→ WORK REQUEST
A faithful transcription is wanted of the lines from the top of the material through the line that holds "I will show", both ends included, leaving out the pictures.

→ RECORDED INFORMATION
---
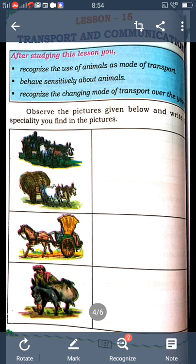Today we learn about the different types of transport. There are different types: land transport, water transport, and air transport. These are the examples of transport. First, let us learn about the meaning of transport. The definition of transport is: to take or carry persons or goods from one place to another place.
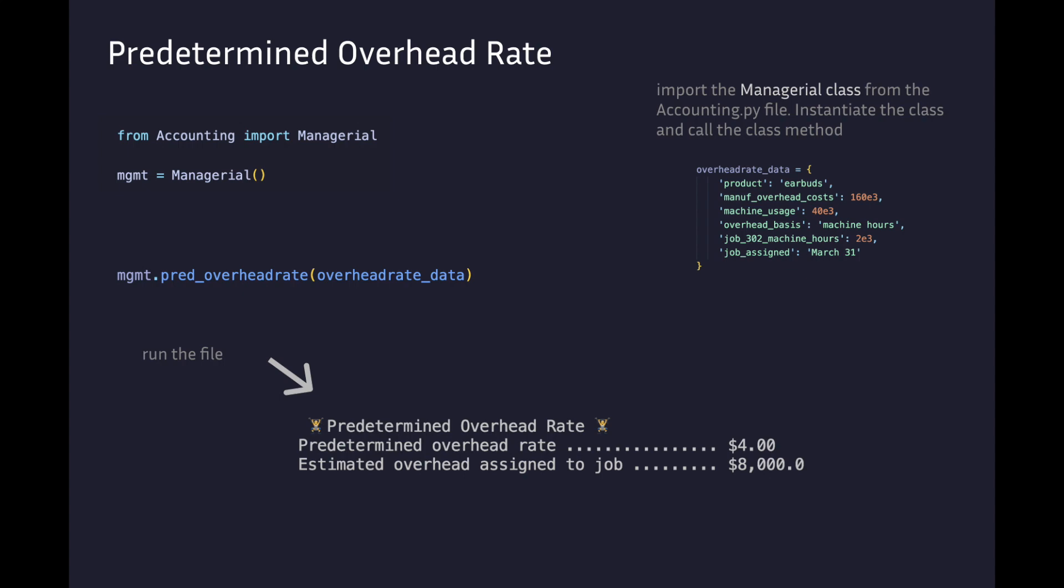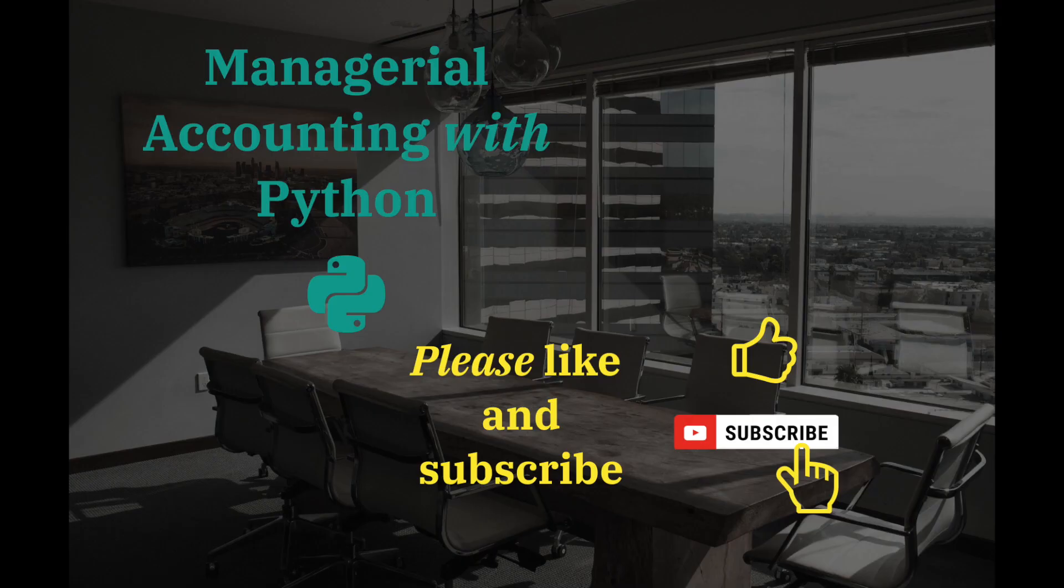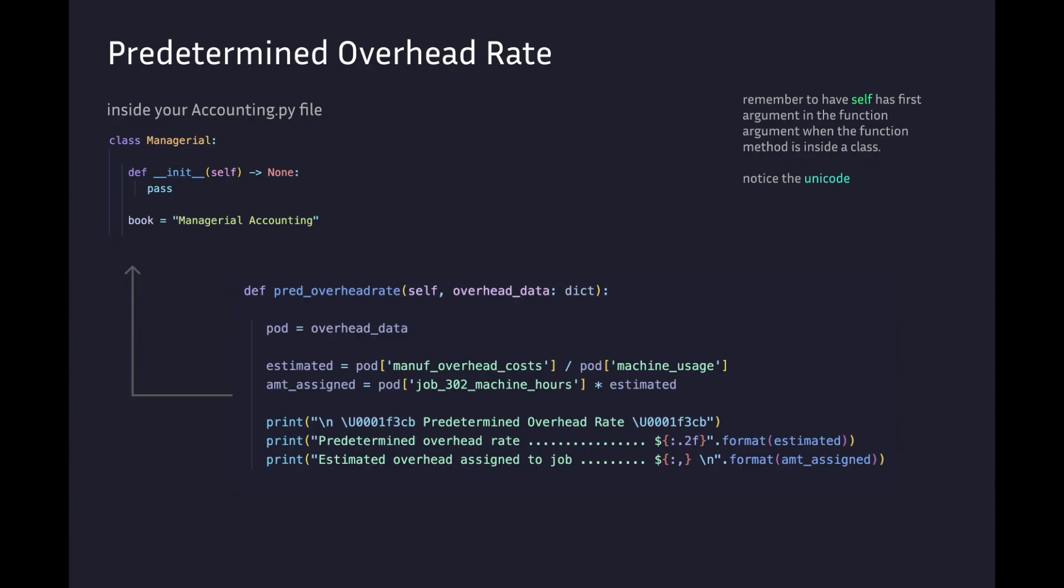I will show you how to make this method function now. The predetermined overhead rate method has self and overhead_data as arguments. POD is shorthand for the data dictionary.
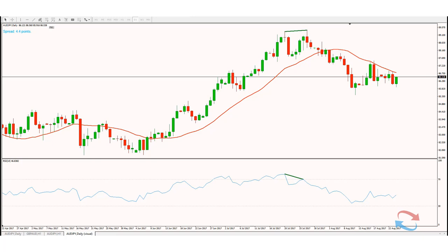Rule number one: Do you see a trend, and does that trend have at least two higher highs? In this particular setup we can clearly see the market is trending higher, and for the second part of the question we've got at least two higher highs — in this case we had three before the market topped out and gave us the divergence.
---
→ COMPLETED EXERCISE
Today we learn about the different types of transport. There are different types: land transport, water transport, and air transport. These are the examples of transport. First, let us learn about the meaning of transport. The definition of transport is: to take or carry persons or goods from one place to another place.
I will show you how to make this method function now. The predetermined overhead rate method has self and overhead_data as arguments. POD is shorthand for the data dictionary.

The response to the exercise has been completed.